La OCDE rebaja casi a la mitad la previsión de crecimiento de la eurozona

El consumo es la palanca sobre la que se asienta la economía en España./R. Gutiérrez
El consumo es la palanca sobre la que se asienta la economía en España. / R. Gutiérrez

La inestabilidad política y comercial son los mayores riesgos a lo que se enfrentan todos los países, por lo que la organización pide reformas estructurales más «ambiciosas» para que la oportunidades lleguen a todos

Edurne Martínez
EDURNE MARTÍNEZMadrid

El crecimiento de la economía mundial pende de un hilo. Si algunos de los riesgos que están planeando sobre ellos se llegan a materializar, se seguirá debilitando. La OCDE habla del mal momento para la economía global sin paliativos: «La expansión continúa perdiendo impulso por una mayor incertidumbre política, las tensiones comerciales persistentes y las continuas disminuciones en la confianza empresarial y de los consumidores», asegura la organización en su informe 'Perspectivas económicas' publicado este miércoles.

La OCDE concluye que el crecimiento de la economía mundial se desaceleró más rápidamente en 2018 hasta el 3,6%, lo que supone el ritmo más débil desde mediados de 2016 como reflejo de las «profundas recesiones» que se producen en algunas economías de mercados emergentes y la debilidad generalizada en los sectores industriales.

Por ello, la proyección del organismo para este año y el que viene es del 3,3% y 3,4% respectivamente ya que «los riesgos analizados continuarán aumentando», con revisiones a la baja en la mayoría de las economías del G20, aunque no dan en esta ocasión el dato de España. ¿Las causas? La alta incertidumbre política, las tensiones comerciales actuales y la mayor erosión de la confianza.

Y para la eurozona reduce en nada menos que ocho décimas su estimación de noviembre, el recorte más fuerte realizado desde el año 2009, tras el estallido de la crisis económica global. Así, desde el 1,8% que la OCDE preveía que creciera la zona euro hace apenas cuatro meses, al 1% que estima hoy.

Y el comisario europeo de Presupuestos, Günther Oettinger, no fue mucho más optimista en su visita a España del martes. Advirtió que una nueva recesión «no estará lejos» en caso de que las amenazas como una salida dura del Reino Unido llegan a cristalizarse. Y eso que a España no le irá mal a nivel institucional, ya que con los ingleses fuera del tablero, «España tendrá una voz más fuerte en el Parlamento, el Consejo y la Comisión», apuntó Oettinger, ya que pasará a ser el cuarto país más fuerte de la UE.

Es preocupante que, según los datos, la situación apenas mejorará en 2020, con un alza del 1,2% en la eurozona, lo que de nuevo significa cuatro décimas menos de lo que se había estimado hace cuatro meses.

Los más afectados: Alemania e Italia

De los países más potentes del euro, los más afectados por el debilitamiento de la economía mundial son Alemania, que solo crecerá un 0,7% este año, nueve décimas menos; e Italia, que entrará recesión en el -0,2% este año, un punto por debajo, y comenzará una tímida recuperación en el 0,5% en 2020, según las previsiones.
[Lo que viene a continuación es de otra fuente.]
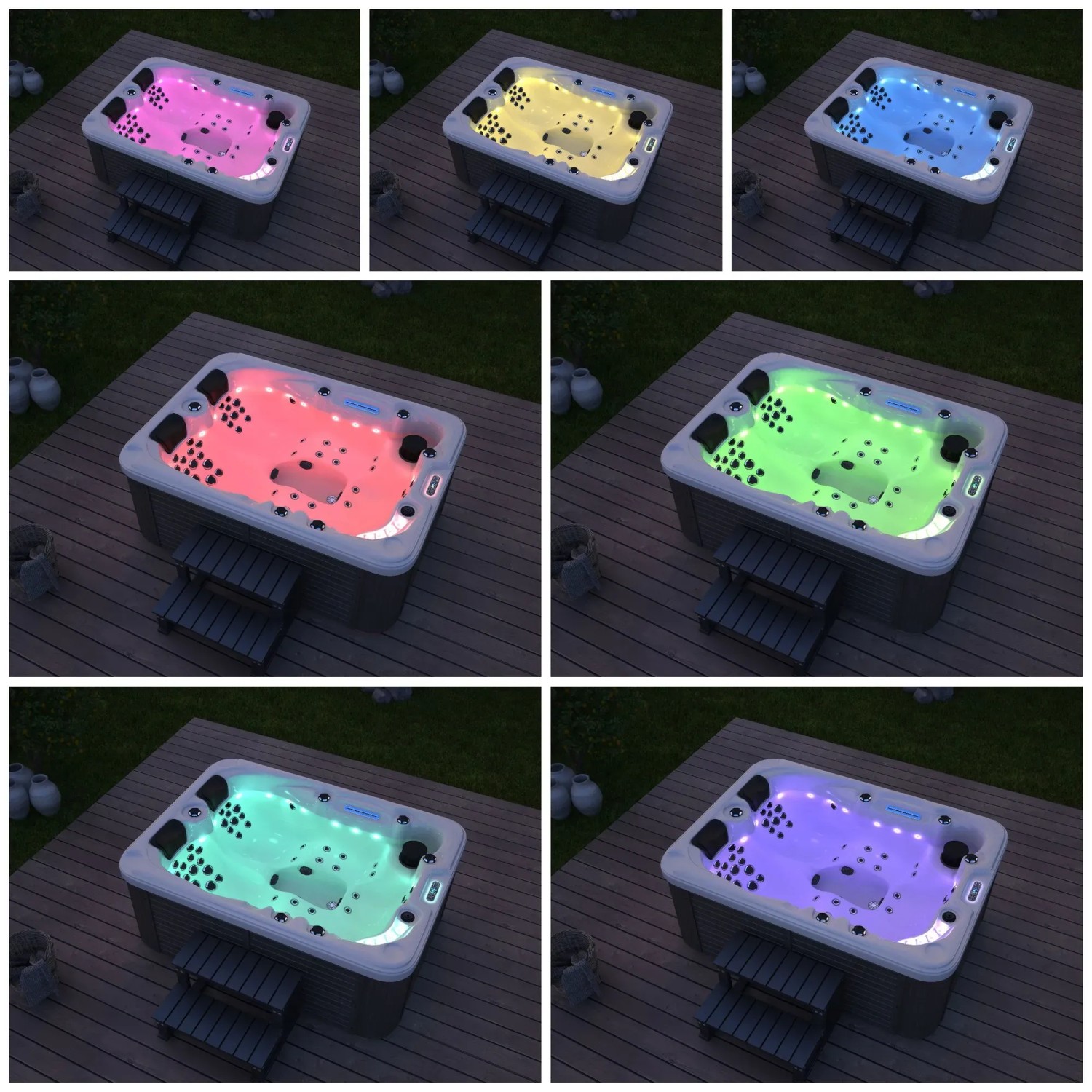 Home Deluxe Outdoor Whirlpool Beach Plus mit Farbwechsel und Treppe.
Incluso Francia se verá debilitada a pesar de estar menos expuesta a los vaivenes del comercio mundial. La OCDE estima un crecimiento del 1,3% tanto este año como en 2020, tres y dos décimas menos respectivamente de lo estimado en noviembre.

En cuanto a Reino Unido, la incertidumbre sobre las consecuencias de su salida de la Unión Europea lastran profundamente su economía, que solo crecerá un 0,8% este año, seis décimas menos de lo previsto, y el 0,9% el año que viene, dos décimas menos. Además, todo ello teniendo en cuenta que estas estimaciones están basadas en que el 'brexit' sea con acuerdo, por lo que una salida abrupta supondría una revisión a la baja de todos estos datos.
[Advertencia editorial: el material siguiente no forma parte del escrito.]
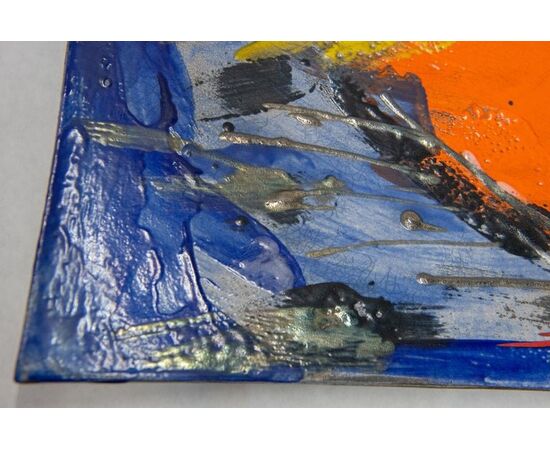 Large 'raku' ceramic wall plate - O/7467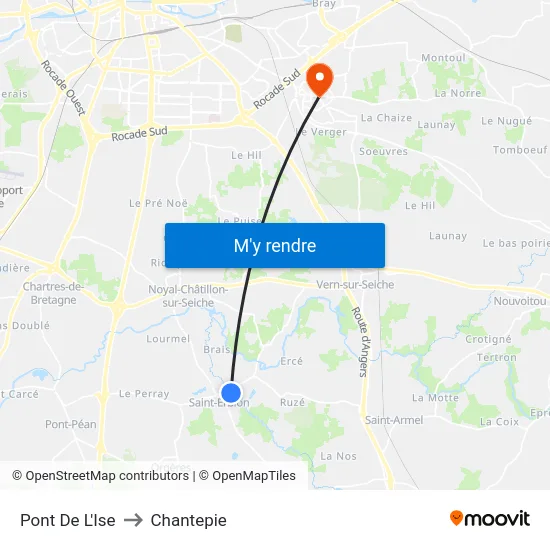 Pont De L'Ise to Chantepie map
Si China cae, caerán todos

Además, no ayuda que el crecimiento de China se moderará hasta el 6% en 2020, que aunque sigue siendo fuerte supone un frenazo en la evolución del comercio. La OCDE advierte de que una desaceleración más aguda en China afectaría al crecimiento y las perspectivas comerciales «en todo el mundo».

Y a nivel político, la organización alerta sobre una salida dura de Reino Unido de la Unión Europea, que «elevaría sustancialmente» el coste para las economías europeas.

Con todo ello sobre la mesa, el informe insta a los países que forman parte de la OCDE a llevar a cabo unas reformas estructurales más «ambiciosas» para que las oportunidades y la mejora de la calidad de vida llegue a todos. En este sentido, explica que los mercados laborales siguen siendo por ahora «resistentes» y el crecimiento salarial se está recuperando, aunque «lentamente», apoyado en el gasto de los hogares.